No, China will not likely be the sole superpower on earth by the year 2030. Even if China and the U.S. continue to grow at roughly their current rates, China’s per capita GDP won’t have overtaken that of the U.S. If Chinese military spending continues at its current rate of growth as a percentage of GDP, even if the U.S. cuts back, it will still dwarf China in military spending. By almost any measure of ability to project military power globally, China will still likely lag behind the U.S.: It won’t possess nearly so large a blue water navy, will lag behind the U.S. significantly in long-range bombers, and will still have a nuclear force only a fraction of the size of the U.S.’s. Culturally, it’s very difficult to imagine that in only 12 years, China’s share of global cultural mind space will rival that of the U.S.

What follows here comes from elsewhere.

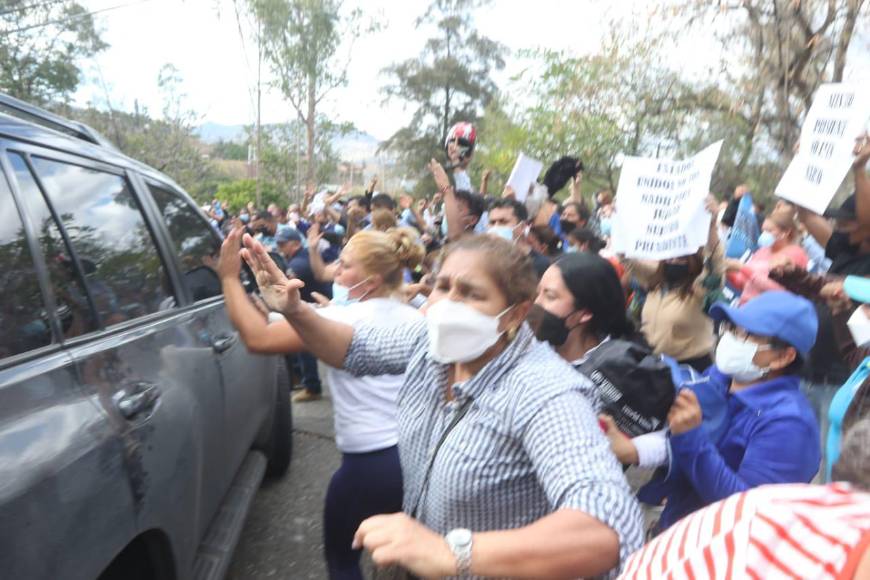 Entre consignas y fuerte resguardo: así fue trasladado JOH a su celda provisional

China has only begun to actually think of itself as a superpower. I think historians will look back and see 2008 as an important inflection point, and 2017 perhaps as the year that (with Trump’s inauguration in January and Xi’s “New Era” enshrined in the Communist Party’s constitution) China’s arrival as a superpower was generally acknowledged. The U.S. may appear to be in decline, but it has a long, long way to fall. Probably never before in human history has one polity held the preponderance of comprehensive power — military, technological, economic, cultural — that the U.S. has held from the end of World War II to the present.
What will be different in 2030, barring some unforeseen jolt that moves either the U.S. or China far off its current trajectory, is that people in the U.S. will, for the most part, have had to reckon with the undeniable truth that they now have a true peer in the world — one that, if not its actual equal, is still very much in its ballpark along multiple dimensions of power. That has simply never been true for the U.S. prior to China’s rise. The Soviet Union may have been a genuine military peer, but only briefly (after Sputnik, and Gagarin, and erroneously during the time of the so-called “missile gap”) a real technological peer; it was never an economic or a cultural one. While Soviet Communism may have had some exponents among newly post-colonial countries in the developing world, it had little appeal beyond those, and even then it would be hard to separate the expedient, instrumental reasons for pledging fealty to Moscow (i.e., arms) from the ideological. Moscow never offered a way to be a modern nation-state that could be compelling and persuasive — not in the way China still might.